We should see some contribution to the top line in second half of FY24, right?
No, this will see value addition in the first half of 2025. There are separate CapExes, which will add revenue as well as PBT, add in the later part of this financial year. I think to be on the safe side, you should look at a full year starting next year, not this year.
Got it. Got it. The second observation is also on the, one, qualitative demands, which you have mentioned in the annual report regarding the pilot facility for the vapour phase process, which we have installed. I think it supports, it supports very high pressure oxidation reaction for adipic acid as well as the salicylic acid. If you can provide some insights, qualitative would also help in terms of what is this actually and how this will help us in developing the further value-added products.
I would not like to comment on those.
Okay. Okay, got it. Sir, last thing is on, the spent sulfuric acid CapEx, which all the plants which we have commissioned. If you can, share the CapEx as well as the cost savings which could accrue to us with the commissioning of this plant.
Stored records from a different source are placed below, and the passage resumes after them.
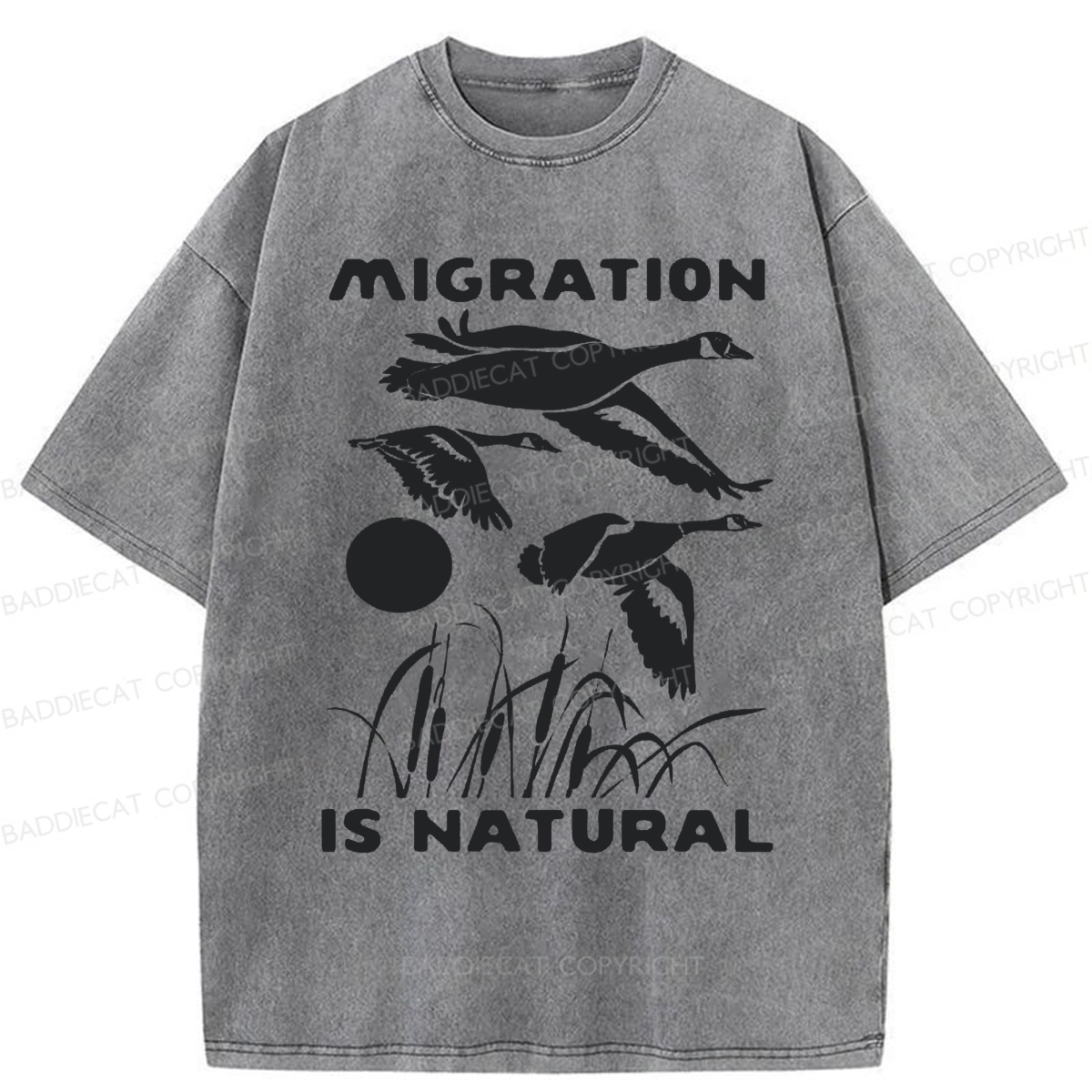 Baddiecat Migration Is Natural Washed T-shirt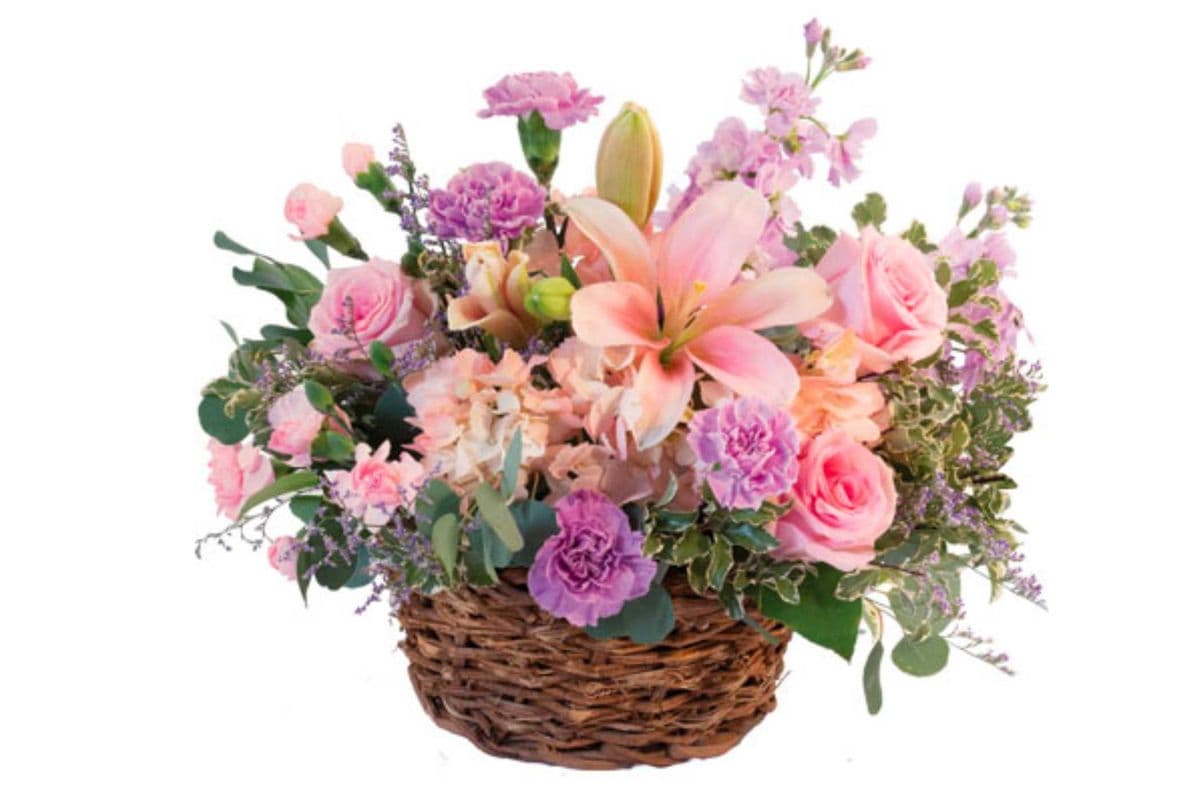 Pretty With Pinks Basket Arrangement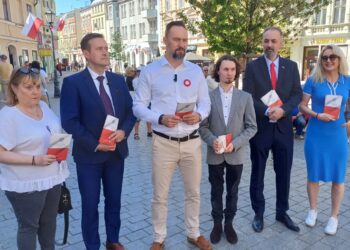 Święto Narodowe Trzeciego Maja. Nowa Lewica rozdaje egzemplarze Konstytucji na zielonogórskim deptaku (fot. Piotr Bakselerowicz)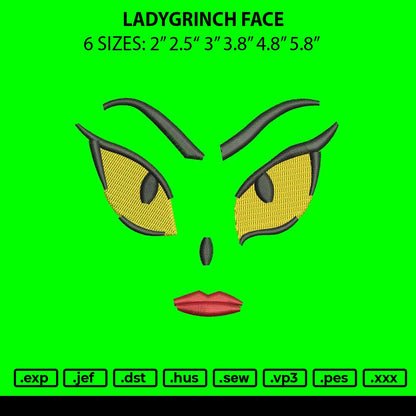 Ladygrinch Face Embroidery File 6 sizes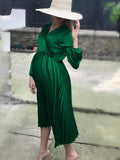 Momyknows Ruffle V-Neck Off Shoulder Long Sleeve Elegant Babyshower Maternity Midi Dress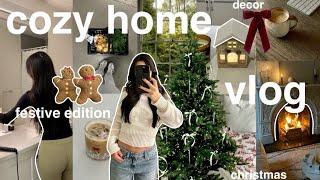 cozy HOME VLOG: *festive* decorating for christmas + cooking & getting in the holiday spirit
I mean, the, the plant has been commissioned, but, you know, cost savings are not the right way to put it, because we have significantly reduced the volume of spend that we will push out.
Okay.
Cost savings are always going to be in relation to the price of fresh acid. What I would like to, however, say is that this will add a significant score advantage to our scope 1, scope 2, you know, emission disclosures. More than that, it allows us to have a more sustainable operation, where we are less dependent on external vagaries.
Got it.
You know, all of these things have a cost of energy, a cost of fresh material, and these things change. It is difficult to give you an exact number. But anyways, what I can tell you is that the spent acid concentration plant fit well within our, you know, our internal benchmark with regards to savings, and has the significant added benefit of improving our ESG. I look at it from not the bottom line, but from the right thing to do.
Got it, sir. Thank you so much, sir, and all the best.
Thank you.
The next question is from the line of Rohit Nagraj from Centrum Broking. Please go ahead.
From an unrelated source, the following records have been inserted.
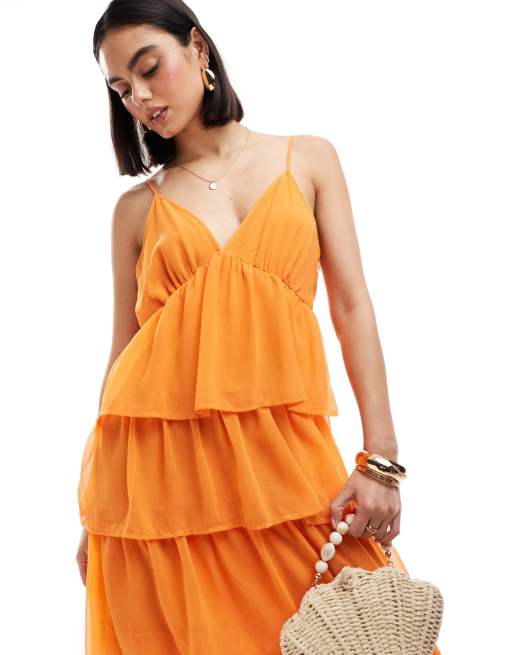 Vila - Vestito con spalline sottili lungo a balze arancione tramonto con volant, 2 di 4
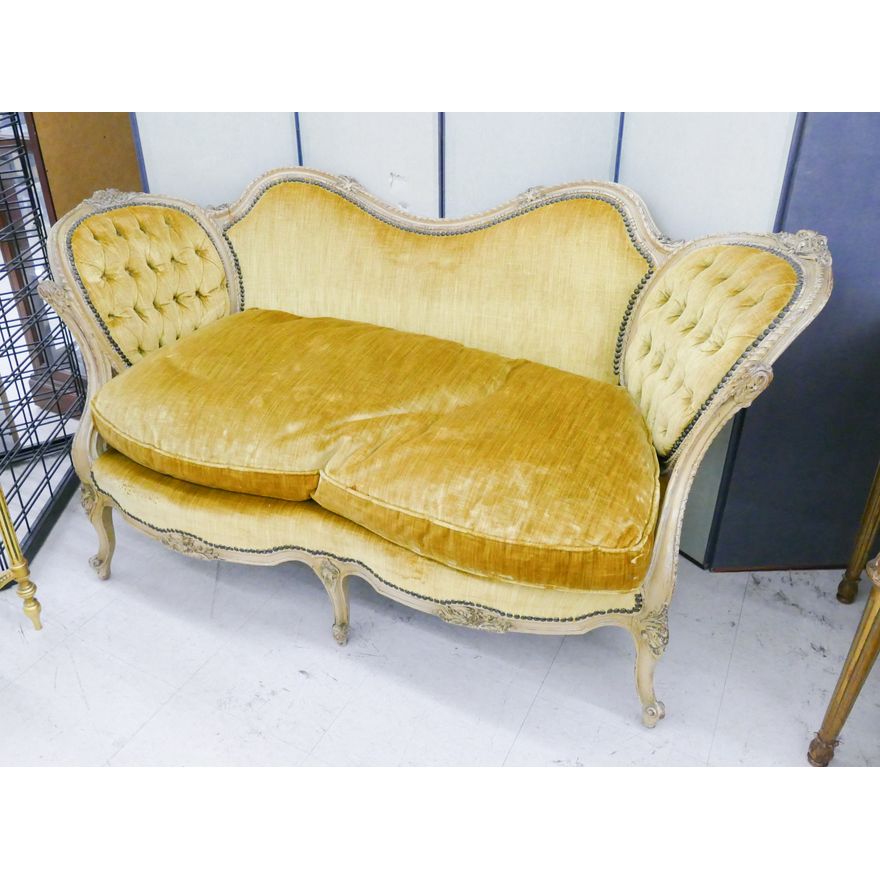 French Carved Frame Tufted Back Gold Velvet Settee- 32x63x26''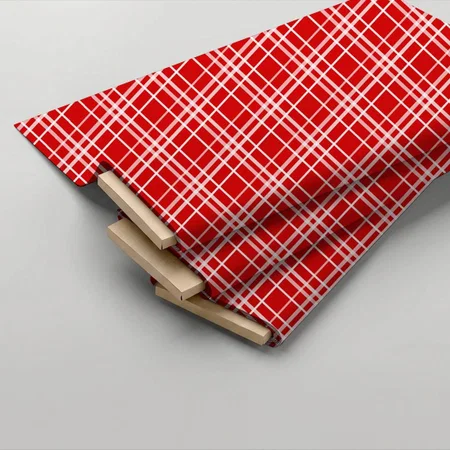 Red White Tartan Plaid Pattern Printed Satin Fabric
Yeah, thanks for the opportunity. First question is on the new R&D center. We have been building capabilities over the last few years, and that is also displayed in terms of the newer products that we are working on and the projects which are getting commissioned. What are we incrementally working, I mean, we plan to work on through this new R&D center. Is it that we now would be also focusing on exports market, given that predominantly earlier, our focus was on import substitutes? Your thoughts on the same from a vision perspective. Thank you.
We supply to the import substitution market, but more and more, the import substitution market has become a good foil for the global market, because more and more of these multinational companies have started putting up their own investments into India or have tied up with converting partners in India. Now, we, I mean, we don't look from Deepak Nitrite's perspective as just an import substitution, but we look at it from the perspective of Make in India and making it in order to be able to supply to the world, which of course, includes India. The processes that we are building up in our R&D center, some of these are the processes which we currently have in our technical toolkit, and we are adding new processes in this, which are at a very advanced stage.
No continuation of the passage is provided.